Monday, February 16, 2009
Sixth Sunday in Ordinary Time
MARK 1: 40-45
FEBRUARY 15, 2009
When I was in the seventh grade, we moved from our apartment in the Bronx to a house in the suburbs, White Plains, NY. Like all the other houses on our street, we had a lawn. My Dad grew up in apartments in New York City. We never had a lawn. So Dad bought books on lawn care, gardening, and general yard maintenance. Each spring he would put string around the outside of the lawn attached to sticks. This meant stay off the lawn because Dad had fertilized it, planted grass seeds and watered it regularly so that we would have a nice grassy, green lawn.
In May the new grass would grow up and fill in bare spots. We had hope that our lawn would look nice like Mr. Marcotte’s across the street. But by July, the sun or whatever had burnt up the new grass. Brown spots and crab grass seemed to be winning over, even as we pulled it up. Our lawn was leprous. Poor Dad would try each year, but the lawn just was not meant to be.

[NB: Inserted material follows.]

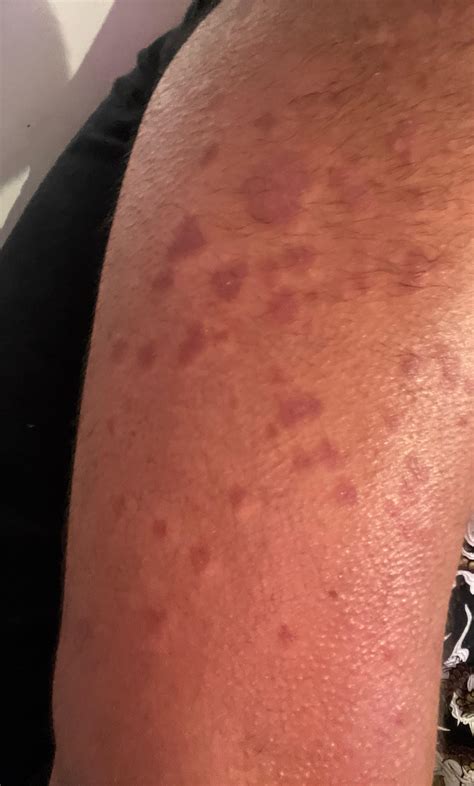 Rash on arms : r/DermatologyQuestions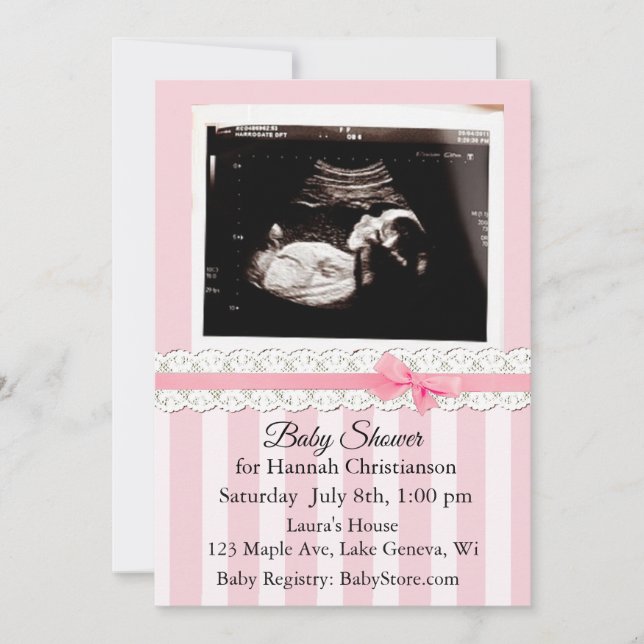 Personalised Ultrasound Baby Shower Invitations (Front)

The good news is that my Dad could go to church and still receive Holy Communion. God did not care if Dad had a leprous lawn. God loved Dad anyway. Dad may have felt badly about how our lawn looked in relation to other lawns in the neighborhood, but God did not care. God’s love is constant. Today, we are in a great recession. People with houses, lawns, and jobs, are becoming afraid that they will lose these things. Retired people worry about savings. When times were good people may have tried to keep up with appearances in the neighborhood, with lawns, cars, and other things. Now people might wonder, in their fears, if their neighbors and acquaintances will still talk to them if a job or home is lost.
The good news is that God will always accept us and talk with us. God’s love never goes into recession. It is constant and always present for us. God does not value us by our lawn, our home, our bank account or any economic, social status. God made us in God’s image and finds us lovely to behold.